= Problem requirements =
Transcribe exactly the span of lines that begins the records and ends with the line holding "Lovis 3-personers sofa", both boundary lines included.

= Material supplied =
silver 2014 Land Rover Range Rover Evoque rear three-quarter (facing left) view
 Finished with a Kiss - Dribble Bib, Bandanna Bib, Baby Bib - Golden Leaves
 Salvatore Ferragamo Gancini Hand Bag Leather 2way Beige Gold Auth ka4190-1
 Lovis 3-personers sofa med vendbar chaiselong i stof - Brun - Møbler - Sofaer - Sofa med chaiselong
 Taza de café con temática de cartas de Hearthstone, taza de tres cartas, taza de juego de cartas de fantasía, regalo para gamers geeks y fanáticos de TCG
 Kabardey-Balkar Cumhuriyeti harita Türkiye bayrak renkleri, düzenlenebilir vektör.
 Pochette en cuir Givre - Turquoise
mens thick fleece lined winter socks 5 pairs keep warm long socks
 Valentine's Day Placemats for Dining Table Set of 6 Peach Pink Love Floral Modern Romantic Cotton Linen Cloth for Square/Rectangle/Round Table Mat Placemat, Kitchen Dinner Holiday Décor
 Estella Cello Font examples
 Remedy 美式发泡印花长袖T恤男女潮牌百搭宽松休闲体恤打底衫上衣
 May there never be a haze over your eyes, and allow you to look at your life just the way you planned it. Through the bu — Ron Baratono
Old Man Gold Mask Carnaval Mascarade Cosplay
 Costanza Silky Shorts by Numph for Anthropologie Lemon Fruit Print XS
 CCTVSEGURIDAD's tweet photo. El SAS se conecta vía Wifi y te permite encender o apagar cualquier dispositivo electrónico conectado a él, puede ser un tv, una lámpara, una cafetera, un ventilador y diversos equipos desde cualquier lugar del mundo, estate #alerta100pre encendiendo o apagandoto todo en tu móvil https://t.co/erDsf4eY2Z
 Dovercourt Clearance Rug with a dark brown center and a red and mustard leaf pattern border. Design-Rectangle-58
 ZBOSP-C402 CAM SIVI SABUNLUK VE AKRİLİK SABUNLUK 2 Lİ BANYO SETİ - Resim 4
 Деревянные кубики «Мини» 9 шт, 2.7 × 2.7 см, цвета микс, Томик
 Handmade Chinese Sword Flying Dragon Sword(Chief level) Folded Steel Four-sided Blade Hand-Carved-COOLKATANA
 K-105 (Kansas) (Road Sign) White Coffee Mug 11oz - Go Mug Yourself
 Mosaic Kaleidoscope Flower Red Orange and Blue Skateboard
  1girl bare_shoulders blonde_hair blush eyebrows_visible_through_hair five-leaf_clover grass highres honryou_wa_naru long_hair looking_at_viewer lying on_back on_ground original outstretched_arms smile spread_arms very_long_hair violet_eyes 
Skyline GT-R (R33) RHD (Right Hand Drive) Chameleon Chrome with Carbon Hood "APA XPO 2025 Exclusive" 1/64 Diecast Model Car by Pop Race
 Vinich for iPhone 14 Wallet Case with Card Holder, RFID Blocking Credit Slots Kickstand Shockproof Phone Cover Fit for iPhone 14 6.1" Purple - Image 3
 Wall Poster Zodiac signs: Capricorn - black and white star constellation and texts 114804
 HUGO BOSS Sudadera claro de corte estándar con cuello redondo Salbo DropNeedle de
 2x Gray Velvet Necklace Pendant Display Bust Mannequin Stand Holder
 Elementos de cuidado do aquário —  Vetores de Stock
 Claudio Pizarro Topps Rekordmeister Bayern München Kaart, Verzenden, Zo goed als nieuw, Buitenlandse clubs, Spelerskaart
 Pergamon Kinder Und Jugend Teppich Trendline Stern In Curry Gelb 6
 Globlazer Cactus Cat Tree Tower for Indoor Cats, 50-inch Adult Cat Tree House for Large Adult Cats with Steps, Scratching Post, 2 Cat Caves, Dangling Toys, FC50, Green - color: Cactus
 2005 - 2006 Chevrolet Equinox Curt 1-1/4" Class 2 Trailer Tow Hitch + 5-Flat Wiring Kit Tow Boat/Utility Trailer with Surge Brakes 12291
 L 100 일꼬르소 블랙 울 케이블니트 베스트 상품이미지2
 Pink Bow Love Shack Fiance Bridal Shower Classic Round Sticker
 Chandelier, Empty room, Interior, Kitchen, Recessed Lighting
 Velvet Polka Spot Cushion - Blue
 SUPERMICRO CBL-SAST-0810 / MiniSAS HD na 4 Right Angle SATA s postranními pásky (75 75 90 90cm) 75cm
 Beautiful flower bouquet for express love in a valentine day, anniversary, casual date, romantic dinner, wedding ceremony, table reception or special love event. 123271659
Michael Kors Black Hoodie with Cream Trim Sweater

= Task result =
silver 2014 Land Rover Range Rover Evoque rear three-quarter (facing left) view
 Finished with a Kiss - Dribble Bib, Bandanna Bib, Baby Bib - Golden Leaves
 Salvatore Ferragamo Gancini Hand Bag Leather 2way Beige Gold Auth ka4190-1
 Lovis 3-personers sofa med vendbar chaiselong i stof - Brun - Møbler - Sofaer - Sofa med chaiselong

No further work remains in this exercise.